Große Klappe: Die heftige Kritik von Frankreichs Innenminister Gérald Darmanin kam im Nachbarland gar nicht gut an.

(Foto: Ludovic Marin/AP)

Die Beschwichtigungsversuche aus Paris werden, so scheint es, in Rom erst mal nicht verfangen, dazu ist die Empörung zu groß. Lo schiaffo, die "Backpfeife" für Meloni, ist Topthema und den römischen Leitmedien seitenlange Schwerpunkte wert.

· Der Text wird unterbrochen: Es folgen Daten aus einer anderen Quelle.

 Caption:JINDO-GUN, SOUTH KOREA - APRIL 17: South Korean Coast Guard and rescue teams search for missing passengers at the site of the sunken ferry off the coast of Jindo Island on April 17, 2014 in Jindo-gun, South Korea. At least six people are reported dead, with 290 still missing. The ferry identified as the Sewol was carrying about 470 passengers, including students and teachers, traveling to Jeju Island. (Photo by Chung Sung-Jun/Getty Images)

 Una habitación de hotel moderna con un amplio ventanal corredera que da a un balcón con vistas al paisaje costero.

Die Regierung erwartet von Paris eine offizielle Entschuldigung, und Regierungschefin Meloni hat ihre Pläne für einen Besuch bei Präsident Emmanuel Macron mit einem "Basta" begraben. Selbst die Opposition, die in der Sache eher bei Macron ist als bei Meloni, distanziert sich von dem Vorgang nach dem Motto: "Die Opposition, das sind wir schon selbst."

Mühsam hatte man in den vergangen Monaten versucht, die letzte Verstimmung zu kitten, als sich Rom im Herbst 2022 weigerte, ein Schiff von zivilen Seenotrettern mit mehr als 230 Migranten an Bord in Sizilien anlegen zu lassen, bis am Ende Frankreich den Hafen von Toulon öffnete.

Im Zusammenhang mit der neuen diplomatischen Verstimmung ist auch von Bedeutung, dass die italienische Hauptstadt gerade einen umstrittenen Besucher hatte. Der libysche Bürgerkriegsgeneral Khalifa Haftar fuhr diese Woche mit schwerer Eskorte kreuz und quer durch die Stadt, um die wichtigen Politiker bis hin zu Ministerpräsidentin Meloni zu treffen. Die drängte Haftar, dafür zu sorgen, dass aus dem von ihm kontrollierten Gebiet weniger Migranten übers Meer nach Italien kommen. Im Gegenzug verspricht Rom wirtschaftliche Kooperation und Hilfe - das wiederum ist Teil eines immer größeren italienischen Engagements in Nordafrika, das Frankreich misstrauisch beäugt.